→ Work instructions
In the entries below, find the line with "Mark Kostabi; Careful" and the line with "Runner K21 Green", then retype both and everything between them exactly. Do not copy the pictures.

→ Input records
^^^^^^^^

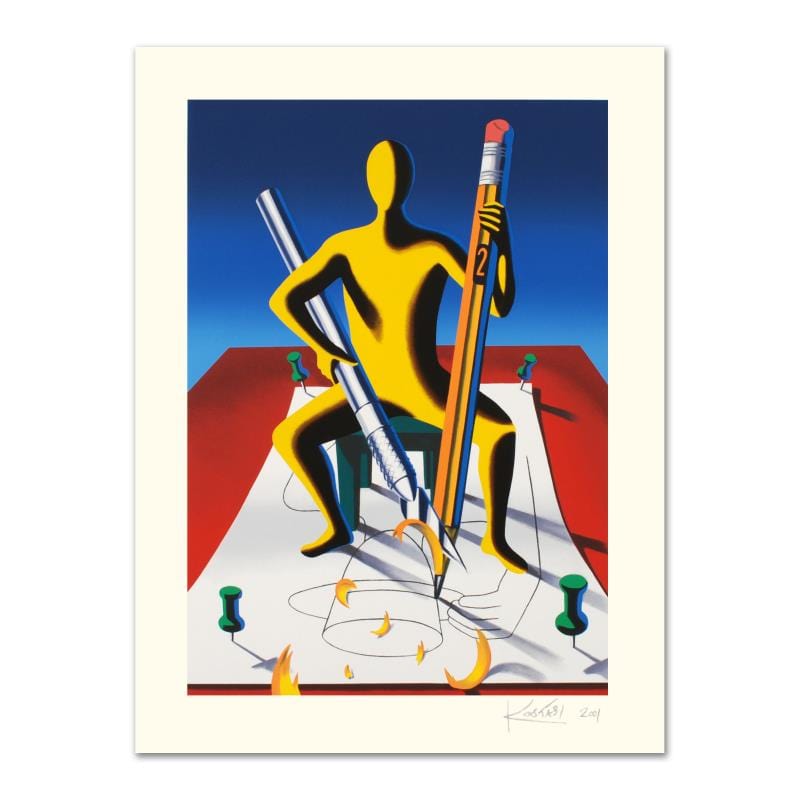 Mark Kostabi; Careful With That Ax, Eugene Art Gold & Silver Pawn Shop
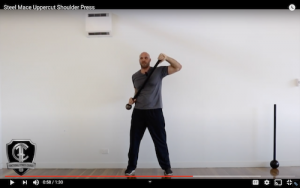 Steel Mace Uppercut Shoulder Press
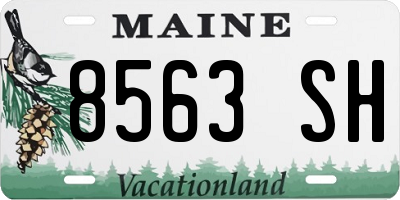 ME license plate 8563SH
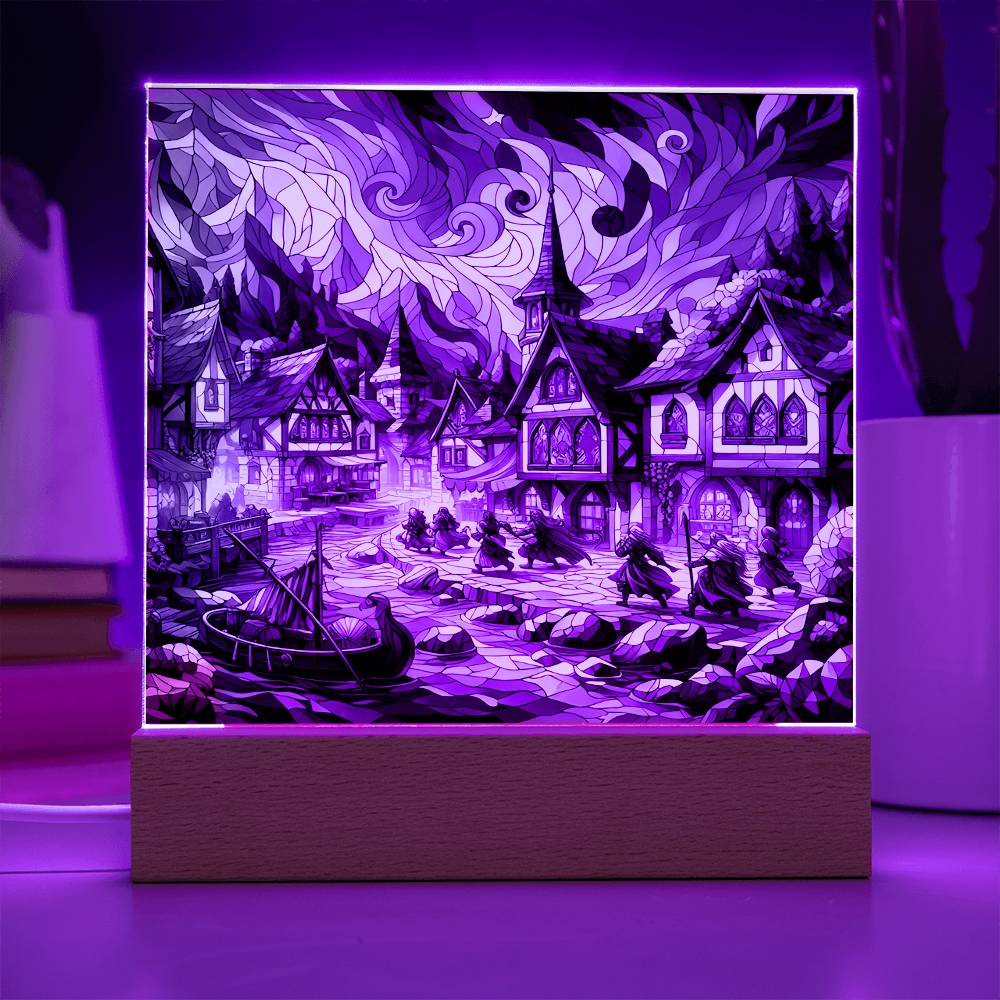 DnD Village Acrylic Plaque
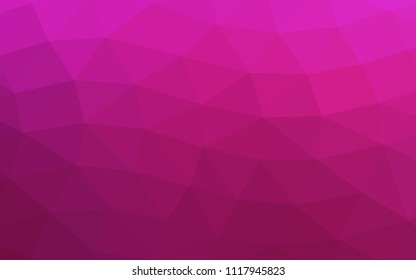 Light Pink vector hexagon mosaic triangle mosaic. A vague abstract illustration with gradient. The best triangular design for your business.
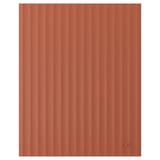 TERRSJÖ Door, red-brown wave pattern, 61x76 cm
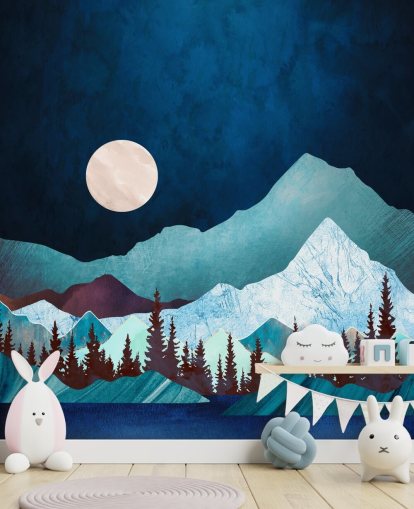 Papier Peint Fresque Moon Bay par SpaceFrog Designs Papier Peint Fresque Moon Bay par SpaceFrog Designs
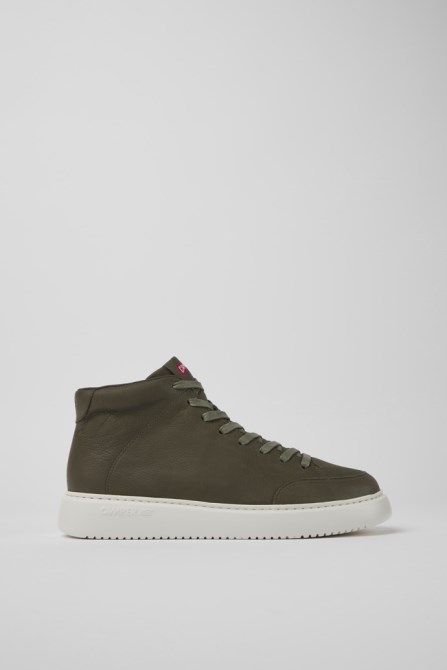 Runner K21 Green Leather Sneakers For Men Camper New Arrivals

^^^^^^^^

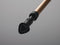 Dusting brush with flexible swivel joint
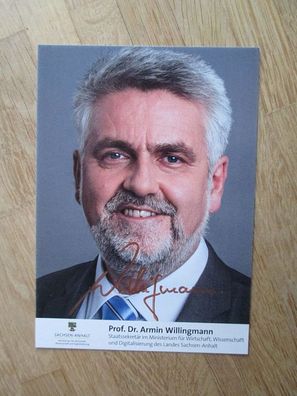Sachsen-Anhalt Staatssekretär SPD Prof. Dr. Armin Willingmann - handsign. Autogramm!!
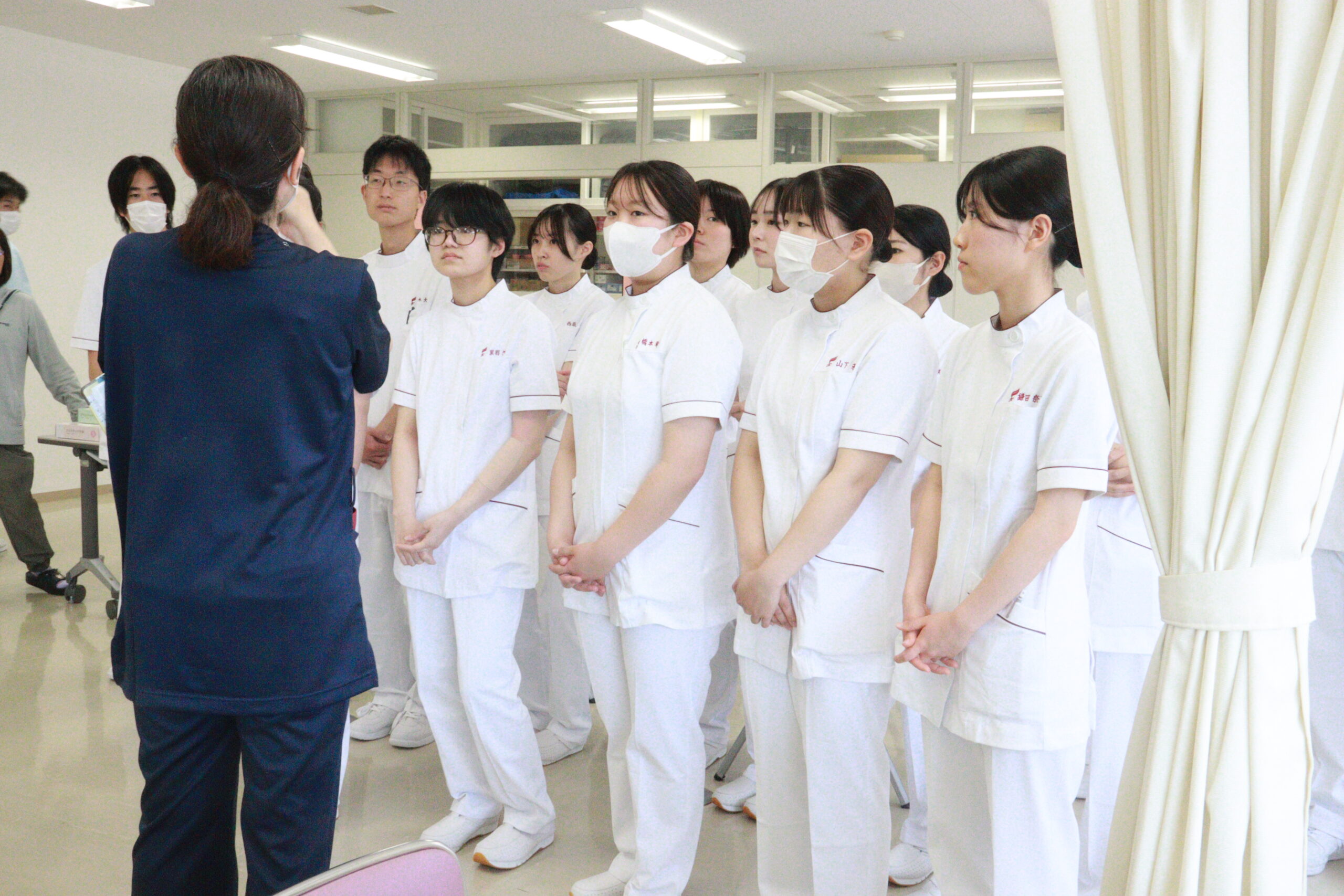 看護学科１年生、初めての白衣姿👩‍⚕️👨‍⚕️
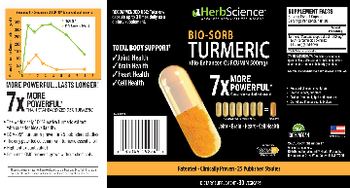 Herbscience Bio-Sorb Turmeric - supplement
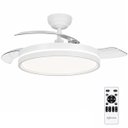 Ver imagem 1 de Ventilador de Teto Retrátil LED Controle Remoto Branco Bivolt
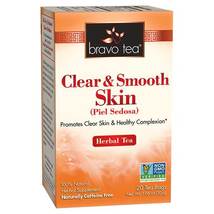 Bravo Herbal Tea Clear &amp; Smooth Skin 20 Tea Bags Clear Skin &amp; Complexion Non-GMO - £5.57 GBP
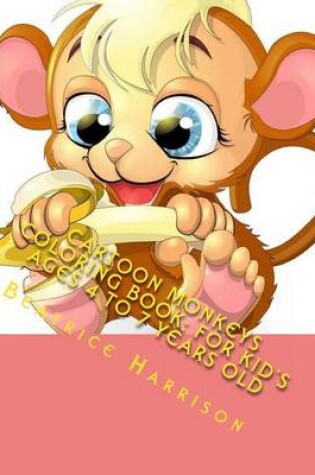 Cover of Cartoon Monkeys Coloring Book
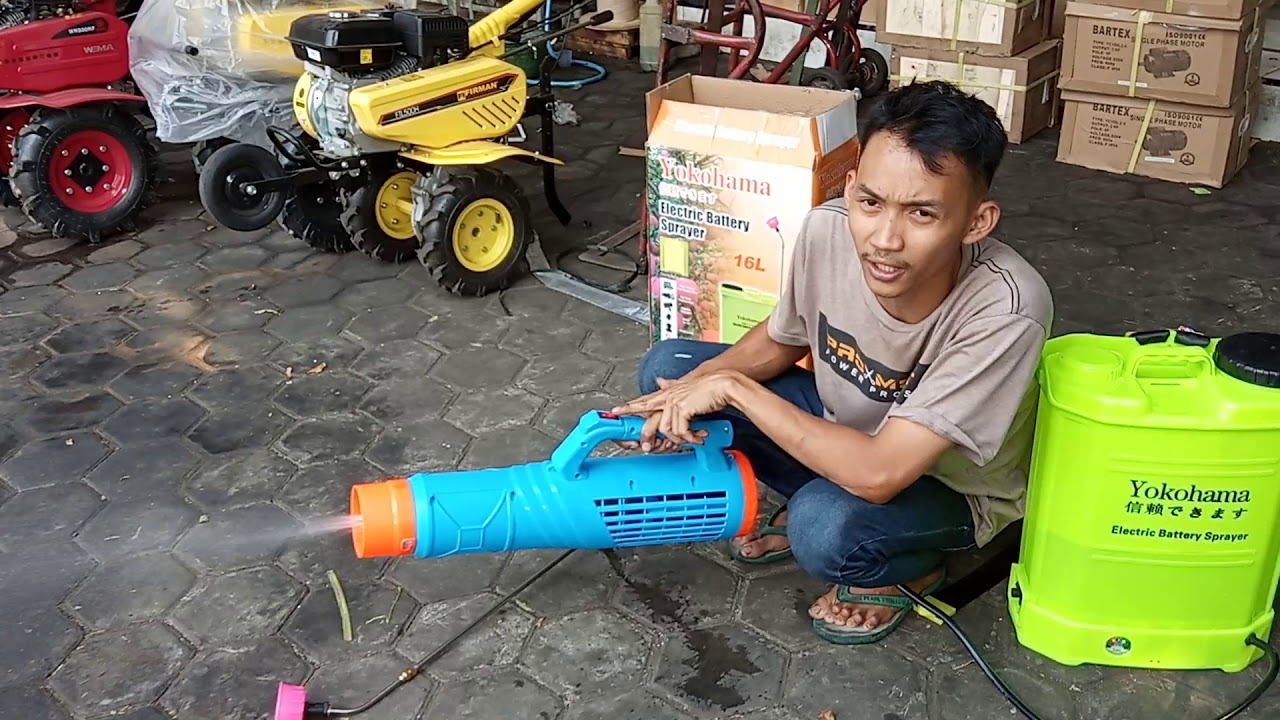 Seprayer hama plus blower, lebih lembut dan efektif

^^^^^^^^

→ Exercise output
 Mark Kostabi; Careful With That Ax, Eugene Art Gold & Silver Pawn Shop
 Steel Mace Uppercut Shoulder Press
 ME license plate 8563SH
 DnD Village Acrylic Plaque
 Light Pink vector hexagon mosaic triangle mosaic. A vague abstract illustration with gradient. The best triangular design for your business.
 TERRSJÖ Door, red-brown wave pattern, 61x76 cm
 Papier Peint Fresque Moon Bay par SpaceFrog Designs Papier Peint Fresque Moon Bay par SpaceFrog Designs
 Runner K21 Green Leather Sneakers For Men Camper New Arrivals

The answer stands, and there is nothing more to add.